Tardó bastante tiempo, pues a última hora le ocurrió algo enfurecedor y ridículo al mismo tiempo; recordó repentinamente una de las películas clásicas del siglo anterior, en la cual el fabuloso Charles Chaplin intentaba envenenar a una esposa no deseada, y luego accidentalmente cambiaba los vasos.

Ningún recuerdo podía haber sido más desagradable, pues le dejó quebrantado con una ráfaga de silenciosa histeria. El Trasgo de lo Perverso, de Poe, aquel demonio que se entretiene desafiando los cuidadosos cánones de la defensa propia, había entrado en acción, y pasó un buen minuto antes que Grant recuperase el dominio de sí mismo.

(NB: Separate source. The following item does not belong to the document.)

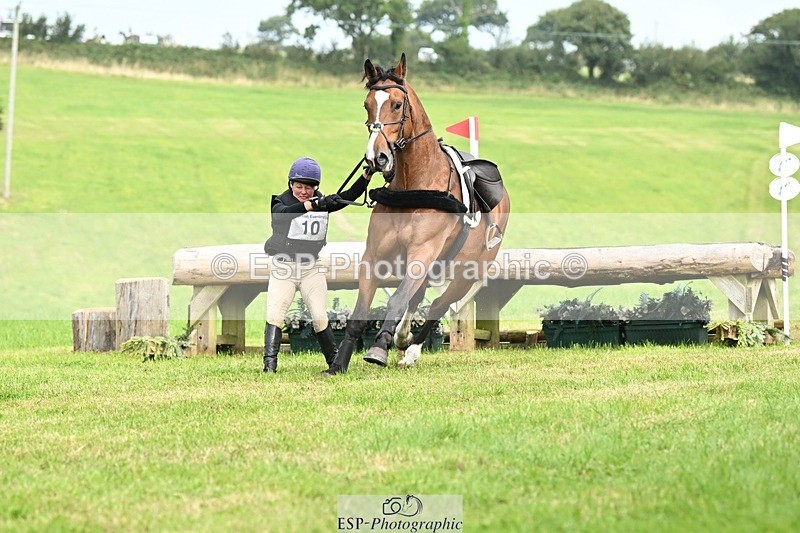 240831A-112801-00901 - 010-Sarah.Marsh-PEMBROKE.SURE.THING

Estaba seguro que, por lo menos externamente, aparecía completamente tranquilo mientras llevaba los dos recipientes de plástico, y sus tubos de beber. No había peligro de confundirlos, pues el del ingeniero llevaba las letras MAC pintadas claramente a su través.

Al pensar en ello Grant casi recayó en aquellas risitas psicológicas, pero consiguió justo contenerse con la sombría reflexión de que sus nervios debían hallarse en peor estado aún de lo que había supuesto. Observó, fascinado, aunque sin aparentarlo, cómo McNeil jugueteaba con la taza. El ingeniero no parecía tener mucha prisa, y miraba distraído al vacío. Finalmente se llevó a los labios el tubo de beber, y sorbió.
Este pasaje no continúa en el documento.